* DATA:
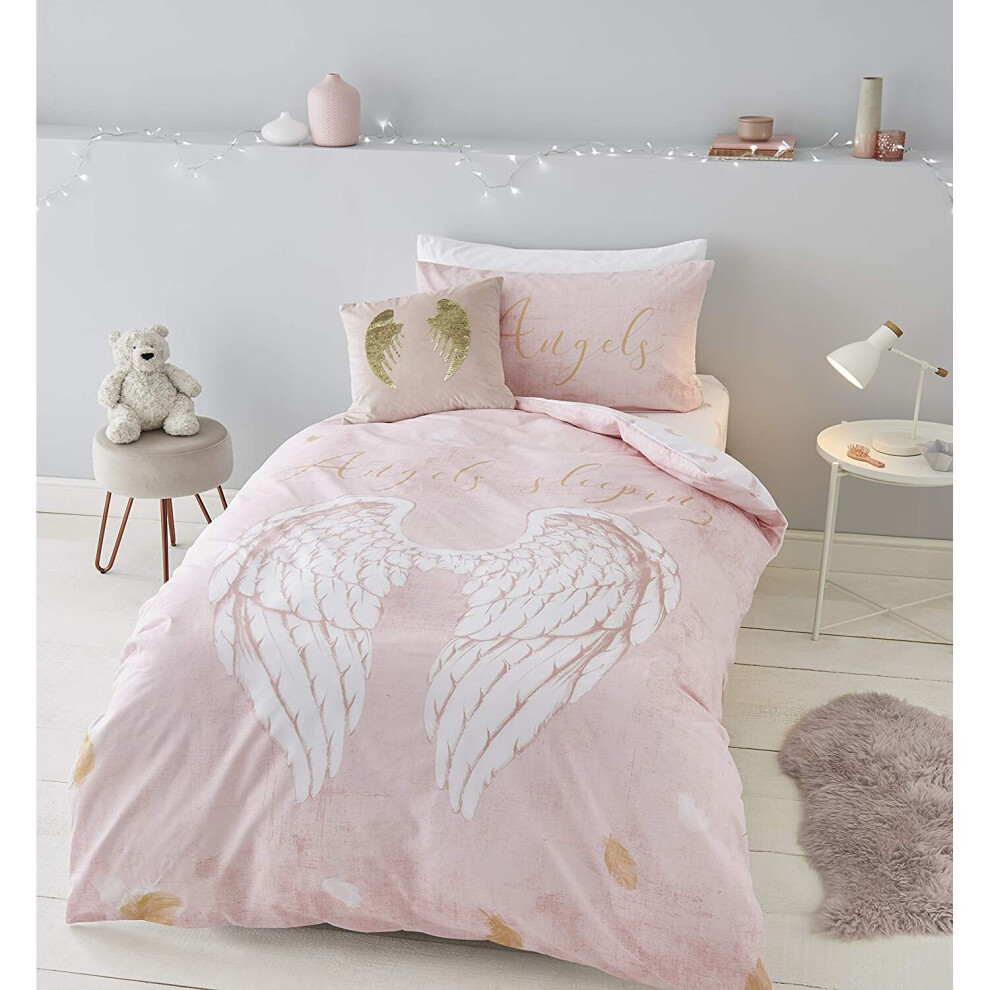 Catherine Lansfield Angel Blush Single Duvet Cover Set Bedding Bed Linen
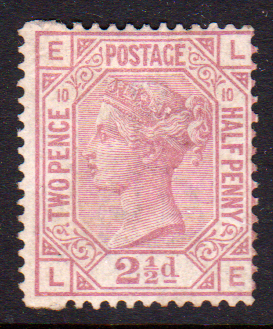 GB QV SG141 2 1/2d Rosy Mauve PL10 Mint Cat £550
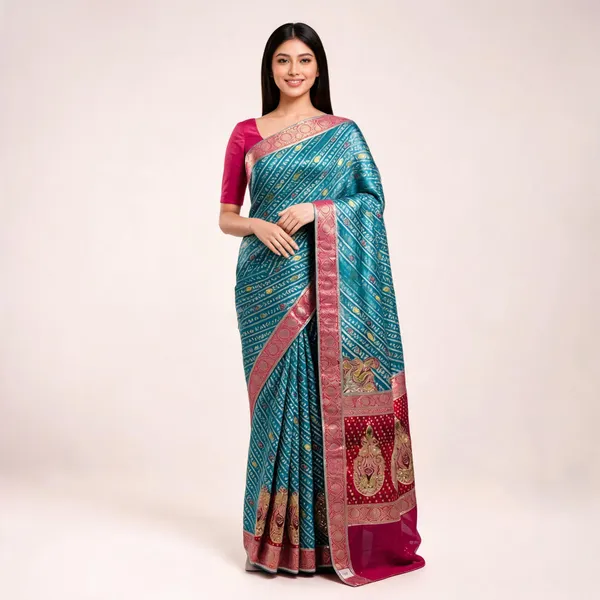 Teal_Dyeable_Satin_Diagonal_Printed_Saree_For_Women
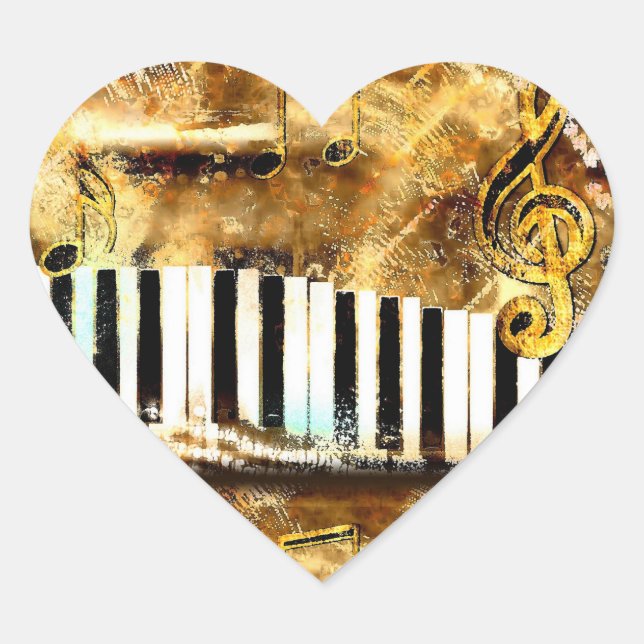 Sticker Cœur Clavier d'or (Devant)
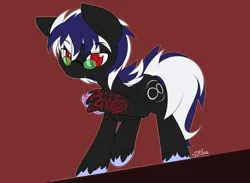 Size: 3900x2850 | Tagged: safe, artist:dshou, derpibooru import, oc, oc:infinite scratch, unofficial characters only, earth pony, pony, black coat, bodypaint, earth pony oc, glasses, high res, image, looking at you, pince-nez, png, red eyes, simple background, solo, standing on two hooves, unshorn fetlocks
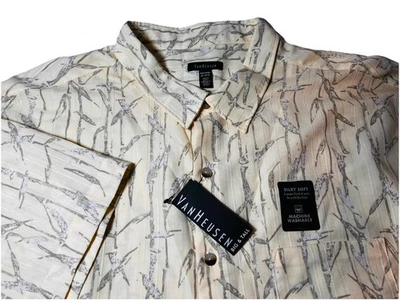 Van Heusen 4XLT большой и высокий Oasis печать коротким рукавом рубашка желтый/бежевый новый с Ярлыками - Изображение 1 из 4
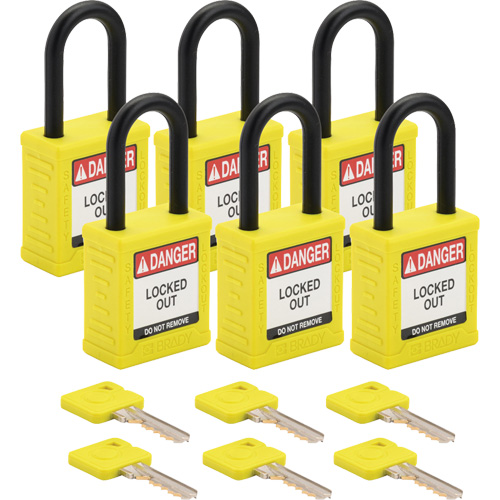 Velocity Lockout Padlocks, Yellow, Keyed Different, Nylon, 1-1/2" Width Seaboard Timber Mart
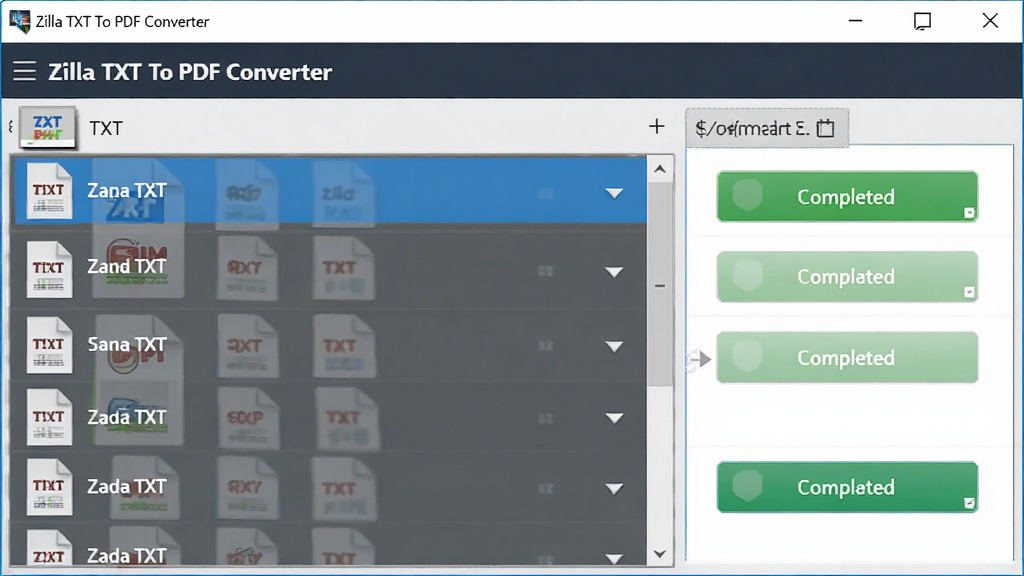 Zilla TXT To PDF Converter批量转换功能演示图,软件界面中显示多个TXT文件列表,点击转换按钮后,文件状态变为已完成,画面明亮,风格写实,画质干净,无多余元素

* PROMPT: In the data above, start at the line holding "Sticker Cœur Clavier d'or (Devant)" and stop after the line holding "Velocity Lockout Padlocks, Yellow, Keyed"; write out those lines exactly, without pictures.

* EXERCISE RESULT:
 Sticker Cœur Clavier d'or (Devant)
 Size: 3900x2850 | Tagged: safe, artist:dshou, derpibooru import, oc, oc:infinite scratch, unofficial characters only, earth pony, pony, black coat, bodypaint, earth pony oc, glasses, high res, image, looking at you, pince-nez, png, red eyes, simple background, solo, standing on two hooves, unshorn fetlocks
 Van Heusen 4XLT большой и высокий Oasis печать коротким рукавом рубашка желтый/бежевый новый с Ярлыками - Изображение 1 из 4
 Velocity Lockout Padlocks, Yellow, Keyed Different, Nylon, 1-1/2" Width Seaboard Timber Mart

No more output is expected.